▸ Activity
No picture should appear in the copy. Transcribe exactly, and only, the lines from the one with "Zapatillas deportivas - miniatura 1" through the last line of the data below.

▸ Collected material
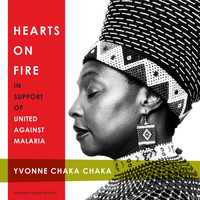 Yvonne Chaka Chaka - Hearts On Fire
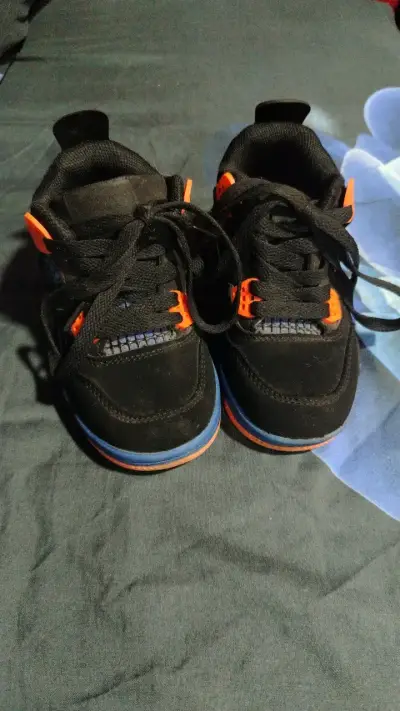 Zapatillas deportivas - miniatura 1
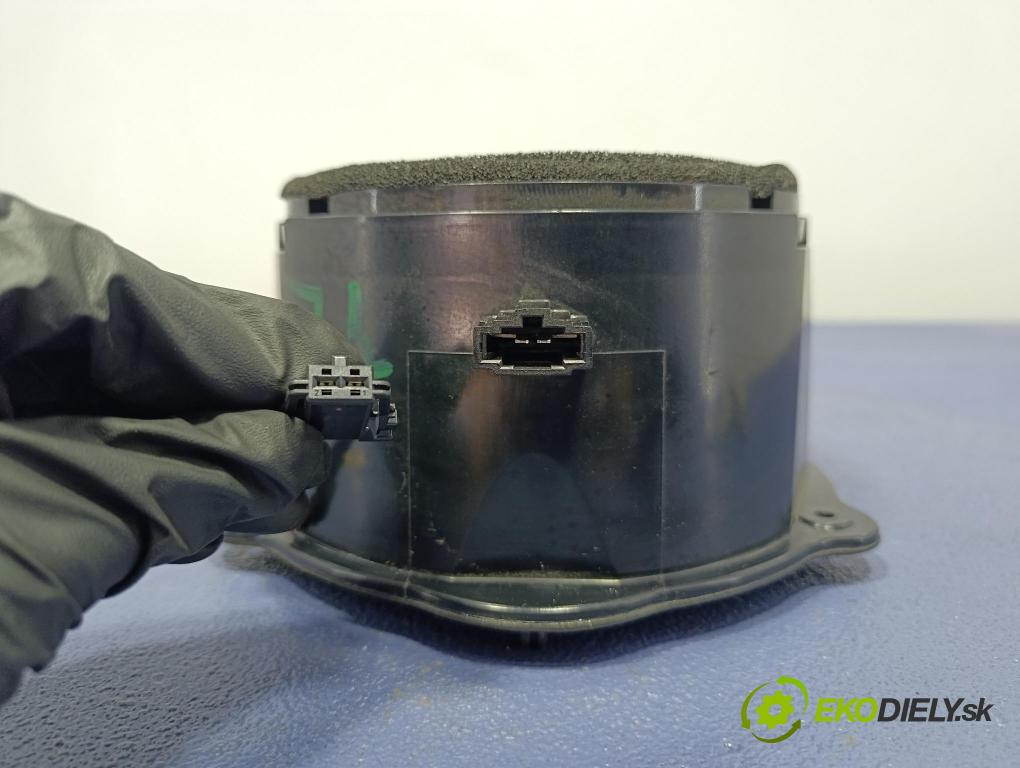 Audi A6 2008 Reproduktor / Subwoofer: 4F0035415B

▸ Result for this task
 Zapatillas deportivas - miniatura 1
 Audi A6 2008 Reproduktor / Subwoofer: 4F0035415B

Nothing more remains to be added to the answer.